Il faut comprendre qu’aujourd’hui en Ukraine, personne n’est en sécurité nulle part. La plupart du temps, ce sont les infrastructures civiles qui sont visées par les missiles. En cas d’urgence, il est possible d’appeler une ambulance lorsque l’on se trouve en zone urbaine. En revanche, dans les villages, les routes sont souvent détruites. L’accès aux secours devient alors très compliqué, sans parler du couvre-feu en vigueur dans l’ensemble du pays. A partir de 21h, vous êtes seuls s’il vous arrive quelque chose dans la rue. C’est pourquoi il est si important qu’un maximum de personnes, y compris les enfants, sache maîtriser les gestes de premiers secours et acquérir les bons réflexes.

Nous nous efforçons de donner au plus grand nombre la possibilité d’apprendre les gestes qui sauvent, mais également de parfaire ses connaissances en la matière grâce à notre nouvelle application mobile. Surtout qu’il est possible de l’utiliser hors-ligne, ce qui est très pratique lorsque nous avons des coupures de réseau.

Le conflit armé a-t-il eu des conséquences directes sur vos activités de premiers secours ?

Notre plus grand défi a été d’adapter nos activités. Dès les premiers jours qui ont suivi l’invasion, nous avons commencé à proposer des sessions de formations en ligne ou encore dans des abris anti-aériens. Nous avons également produit beaucoup de contenus vidéos pour le grand public.

En 2022, nous avons formé 100 000 personnes dans l’ensemble du pays. C’est une grande fierté et une première pour la Croix-Rouge ukrainienne ! Nous poursuivons nos efforts sans relâche malgré les nombreux obstacles auxquels nous faisons face. Certains de nos locaux ont été bombardés, notre matériel endommagé… Une partie de nos formateurs a également choisi de se rendre utile au sein d’autres Sociétés nationales, d’autres sont malheureusement décédés.

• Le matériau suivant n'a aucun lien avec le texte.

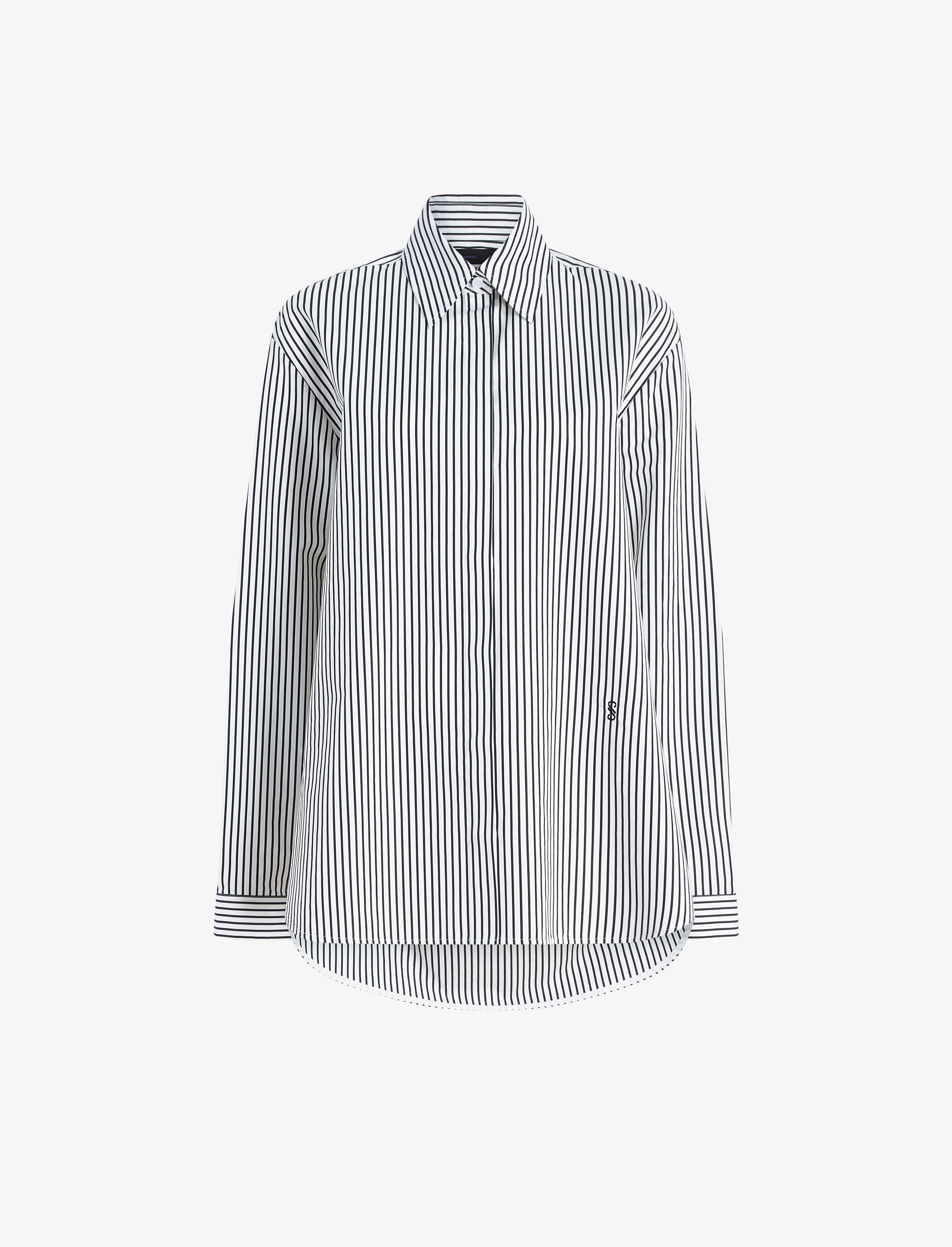 Hunter Top in Stripe Cotton Silk Poplin sold by Proenza Schouler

Nous disposons aujourd’hui de 500 formateurs en premiers secours et 43 formateurs de formateurs. Nous avons mis en place des formations courtes à destination du grand public, pour apprendre les gestes clés à adopter en cas de traumatismes, d’hémorragies, ou encore d’engelures. Nous développons également de nouveaux modules dans l’optique de rendre nos formations accessibles aux personnes en situation de handicap.

Aussi, nous avons constaté que lorsqu’il faut fuir la guerre, les gens emportent deux choses avec eux : leurs papiers et leurs animaux. Nous avons donc développé des activités de premiers secours pour animaux de compagnie et accueilli deux chiens formateurs au sein de notre équipe. Lorsque l’on est en capacité d’aider nos animaux, on se sent utile.

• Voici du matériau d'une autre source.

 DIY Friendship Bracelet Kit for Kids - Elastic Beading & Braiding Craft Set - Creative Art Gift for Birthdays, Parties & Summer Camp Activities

En juillet dernier, la Croix-Rouge ukrainienne a signé un accord de coopération avec la Croix-Rouge française pour renforcer le développement des premiers secours. Comment se traduit cette collaboration sur le terrain ?

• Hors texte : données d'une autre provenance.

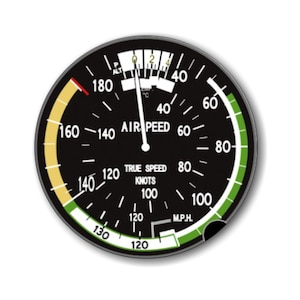 May include: A black and white aircraft instrument with a needle pointing to 180. The instrument is labeled "Air Speed" and has markings for knots and miles per hour.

Cet accord est très important car notre collaboration va s’étaler sur trois années. Pour notre département des premiers secours, il s’agit du plus grand soutien jamais reçu (6,5 millions d’euros). Cette coopération va notamment permettre de construire un centre de formation à Kyiv doté d’équipements modernes accessibles à nos publics en situation de handicap. Nous prévoyons également de créer une plateforme de e-learning afin de proposer des formations premiers secours à distance. Et bien sûr, renouveler notre matériel.